In 1984 Daniel Ortega negotiated a deal with Colombian drug kingpin Pablo Escobar whereby Escobar received refuge for several months in Nicaragua after he had ordered the killing of the Colombian Minister of Justice. At the same time, Escobar's drug trafficking operation received Ortega,s approval to land and load airplanes in Nicaragua as they sought to ship cocaine to the United States. In return, Ortega and the FSLN received large cash payments from Escobar. Interior Minister Tomas Borge and his subordinates went so far as to assist Escobar with the loading and unloading of drugs onto his airplanes in Nicaragua. The Drug Enforcement Agency (DEA) managed to place a hidden camera on one of Escobar's airplanes and obtained film of Escobar and Ministry of the Interior officials loading cocaine onto one of Escobar,s planes at Managua,s international airport. CBS news later broadcast the film and the entire story of Escobar-Ortega-FSLN collaboration is related in detail in a 2005 book by Astrid Legarda Martinez: El Verdadero Pablo: Sangre, Traicion y Muerte (Colombia, Ediciones Dipon).

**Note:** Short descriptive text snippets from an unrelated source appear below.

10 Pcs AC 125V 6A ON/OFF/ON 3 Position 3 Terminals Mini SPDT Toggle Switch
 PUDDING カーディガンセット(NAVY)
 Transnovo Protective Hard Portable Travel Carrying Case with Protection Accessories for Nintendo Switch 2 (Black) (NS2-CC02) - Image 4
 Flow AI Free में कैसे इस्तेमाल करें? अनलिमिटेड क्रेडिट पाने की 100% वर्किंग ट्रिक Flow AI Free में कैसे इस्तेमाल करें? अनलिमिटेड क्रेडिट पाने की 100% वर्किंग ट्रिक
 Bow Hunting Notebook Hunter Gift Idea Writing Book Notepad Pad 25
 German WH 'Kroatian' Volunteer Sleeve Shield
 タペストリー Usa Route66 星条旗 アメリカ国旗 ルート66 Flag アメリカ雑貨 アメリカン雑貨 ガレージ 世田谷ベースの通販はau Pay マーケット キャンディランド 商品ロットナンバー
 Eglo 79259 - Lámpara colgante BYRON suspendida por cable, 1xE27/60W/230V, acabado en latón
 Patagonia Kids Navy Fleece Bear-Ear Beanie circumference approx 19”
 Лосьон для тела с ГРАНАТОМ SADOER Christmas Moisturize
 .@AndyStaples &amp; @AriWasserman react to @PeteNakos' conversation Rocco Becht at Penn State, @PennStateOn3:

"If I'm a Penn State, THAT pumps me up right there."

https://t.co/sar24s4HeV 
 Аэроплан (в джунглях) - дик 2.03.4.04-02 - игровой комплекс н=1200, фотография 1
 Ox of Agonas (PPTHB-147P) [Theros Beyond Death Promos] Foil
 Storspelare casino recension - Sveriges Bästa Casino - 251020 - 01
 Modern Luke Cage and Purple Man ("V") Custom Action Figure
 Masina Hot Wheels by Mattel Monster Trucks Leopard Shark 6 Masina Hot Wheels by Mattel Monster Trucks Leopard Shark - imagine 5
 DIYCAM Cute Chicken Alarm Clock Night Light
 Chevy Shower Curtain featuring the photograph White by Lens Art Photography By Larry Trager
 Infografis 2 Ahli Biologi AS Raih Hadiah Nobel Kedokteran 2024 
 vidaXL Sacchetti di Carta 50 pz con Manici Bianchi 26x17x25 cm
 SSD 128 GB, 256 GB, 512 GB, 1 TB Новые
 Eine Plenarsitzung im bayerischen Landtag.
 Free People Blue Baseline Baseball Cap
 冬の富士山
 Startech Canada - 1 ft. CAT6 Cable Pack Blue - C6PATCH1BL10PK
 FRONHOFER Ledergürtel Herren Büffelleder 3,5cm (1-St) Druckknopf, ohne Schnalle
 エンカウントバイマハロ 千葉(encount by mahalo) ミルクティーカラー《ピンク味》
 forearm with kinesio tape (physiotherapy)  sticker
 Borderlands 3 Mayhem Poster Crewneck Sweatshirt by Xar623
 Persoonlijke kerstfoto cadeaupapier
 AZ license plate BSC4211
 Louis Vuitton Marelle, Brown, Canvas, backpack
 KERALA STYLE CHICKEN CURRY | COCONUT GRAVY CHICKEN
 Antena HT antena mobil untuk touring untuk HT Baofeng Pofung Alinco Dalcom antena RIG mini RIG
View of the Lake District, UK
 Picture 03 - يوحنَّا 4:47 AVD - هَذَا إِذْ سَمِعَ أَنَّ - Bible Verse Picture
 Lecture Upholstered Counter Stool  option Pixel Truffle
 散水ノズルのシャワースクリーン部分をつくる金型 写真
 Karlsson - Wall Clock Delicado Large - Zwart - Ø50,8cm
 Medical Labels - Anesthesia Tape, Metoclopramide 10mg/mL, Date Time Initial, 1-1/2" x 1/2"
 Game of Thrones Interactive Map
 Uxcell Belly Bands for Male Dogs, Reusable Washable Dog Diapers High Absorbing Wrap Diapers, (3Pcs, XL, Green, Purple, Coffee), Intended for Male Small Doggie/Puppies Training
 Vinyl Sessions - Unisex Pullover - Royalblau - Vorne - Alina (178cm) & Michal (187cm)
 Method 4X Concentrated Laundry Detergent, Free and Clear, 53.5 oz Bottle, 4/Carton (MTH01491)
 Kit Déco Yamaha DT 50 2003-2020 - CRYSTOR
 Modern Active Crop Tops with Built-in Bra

FSLN leaders, including Humberto Ortega, admitted publicly that leaders of the Argentine leftist terrorist group "Los Montoneros" resided in Nicaragua and engaged in military activities with the FSLN for an extended period in 1979-1981. Humberto Ortega admitted that Fernando Vaca Narvaja, the leader of the group, resided in his house in Managua.

Ortega publicly admitted many of his terrorist connections, including the fact that he received elections money from the government of Libya. Many 1980s terrorists still lived in Nicaragua and have acquired Nicaraguan citizenship (including at least one prominent member of the Italian Red Brigades), Ortega publicly associated with many of these individuals in Nicaragua throughout the 1980s. The Pablo Escobar footage was filmed June 24, 1984.

Senator John Kerry's 1988 U.S. Senate Committee on Foreign Relations report on links between the Contras and drug imports to the US concluded that "senior U.S. policy makers were not immune to the idea that drug money was a perfect solution to the Contras' funding problems." According to the National Security Archive, Oliver North had been in contact with Manuel Noriega, the US-backed president of Panama.